== Segment start ==
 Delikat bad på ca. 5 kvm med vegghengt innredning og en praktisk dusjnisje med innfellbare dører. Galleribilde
== Segment end ==
== Segment start ==
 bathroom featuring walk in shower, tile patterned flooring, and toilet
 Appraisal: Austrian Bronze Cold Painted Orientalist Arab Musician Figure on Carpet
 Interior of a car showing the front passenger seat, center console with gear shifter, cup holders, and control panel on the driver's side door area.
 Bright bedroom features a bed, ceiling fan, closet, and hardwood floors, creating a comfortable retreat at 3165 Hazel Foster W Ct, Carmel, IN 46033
== Segment end ==
EXERCISE AIM:
Retype only this portion of the data above: the line containing "Interior of a", the line containing "Bright bedroom features", and all lines between them, exactly.

REPLY:
 Interior of a car showing the front passenger seat, center console with gear shifter, cup holders, and control panel on the driver's side door area.
 Bright bedroom features a bed, ceiling fan, closet, and hardwood floors, creating a comfortable retreat at 3165 Hazel Foster W Ct, Carmel, IN 46033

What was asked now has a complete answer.